-- Opening Marker --

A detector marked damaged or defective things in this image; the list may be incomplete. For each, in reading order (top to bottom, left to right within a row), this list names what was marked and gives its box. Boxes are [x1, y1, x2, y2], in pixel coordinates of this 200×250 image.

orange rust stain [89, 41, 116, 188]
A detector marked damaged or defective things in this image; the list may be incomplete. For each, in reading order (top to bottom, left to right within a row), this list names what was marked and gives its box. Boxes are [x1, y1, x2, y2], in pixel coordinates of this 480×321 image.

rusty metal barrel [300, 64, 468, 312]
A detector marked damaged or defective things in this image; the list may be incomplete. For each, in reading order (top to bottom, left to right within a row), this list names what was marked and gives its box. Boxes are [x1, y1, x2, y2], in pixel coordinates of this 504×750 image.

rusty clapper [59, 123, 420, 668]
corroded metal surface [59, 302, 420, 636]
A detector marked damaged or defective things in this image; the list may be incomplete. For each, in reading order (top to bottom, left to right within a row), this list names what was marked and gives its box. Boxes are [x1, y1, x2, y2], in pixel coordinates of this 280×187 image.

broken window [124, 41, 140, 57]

-- Closing Marker --
-- Opening Marker --

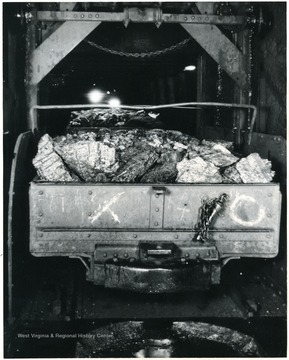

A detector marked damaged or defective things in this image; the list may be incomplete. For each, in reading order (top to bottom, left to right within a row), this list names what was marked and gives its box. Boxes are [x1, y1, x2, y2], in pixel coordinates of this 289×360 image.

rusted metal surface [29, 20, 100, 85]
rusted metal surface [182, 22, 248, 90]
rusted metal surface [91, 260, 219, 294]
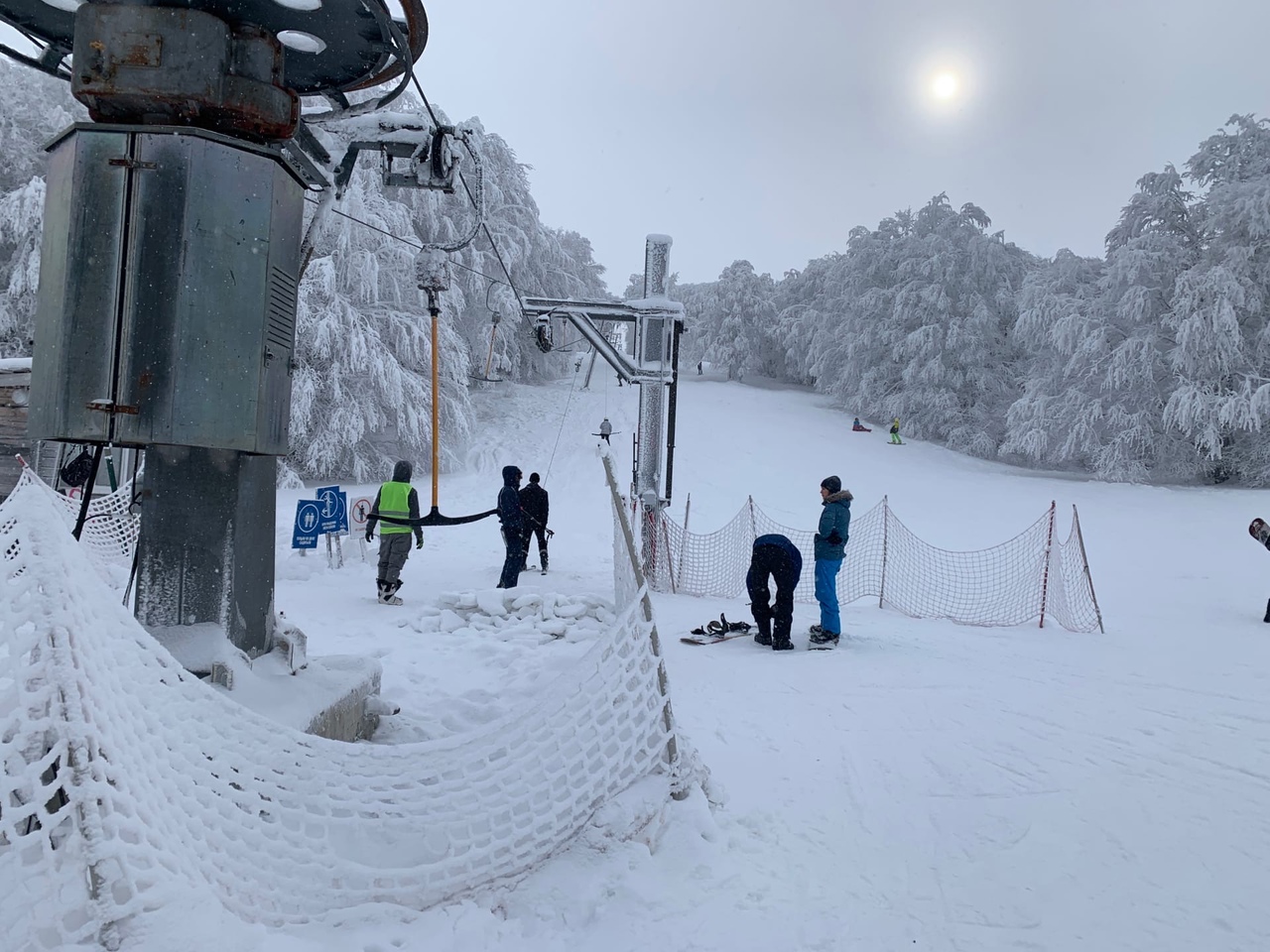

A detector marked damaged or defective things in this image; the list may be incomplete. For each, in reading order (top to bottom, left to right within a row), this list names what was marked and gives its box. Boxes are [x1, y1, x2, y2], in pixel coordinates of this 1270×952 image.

-- Closing Marker --

# [Work instruction]
Using the data above, return the lines from the one holding "this 289×360 image." through the one holding "this 1270×952 image." exactly, but not the pictures.

# [Result below]
A detector marked damaged or defective things in this image; the list may be incomplete. For each, in reading order (top to bottom, left to right within a row), this list names what was marked and gives its box. Boxes are [x1, y1, x2, y2], in pixel coordinates of this 289×360 image.

rusted metal surface [29, 20, 100, 85]
rusted metal surface [182, 22, 248, 90]
rusted metal surface [91, 260, 219, 294]

A detector marked damaged or defective things in this image; the list may be incomplete. For each, in reading order (top to bottom, left to right within a row), this list names what was marked and gives its box. Boxes are [x1, y1, x2, y2], in pixel coordinates of this 1270×952 image.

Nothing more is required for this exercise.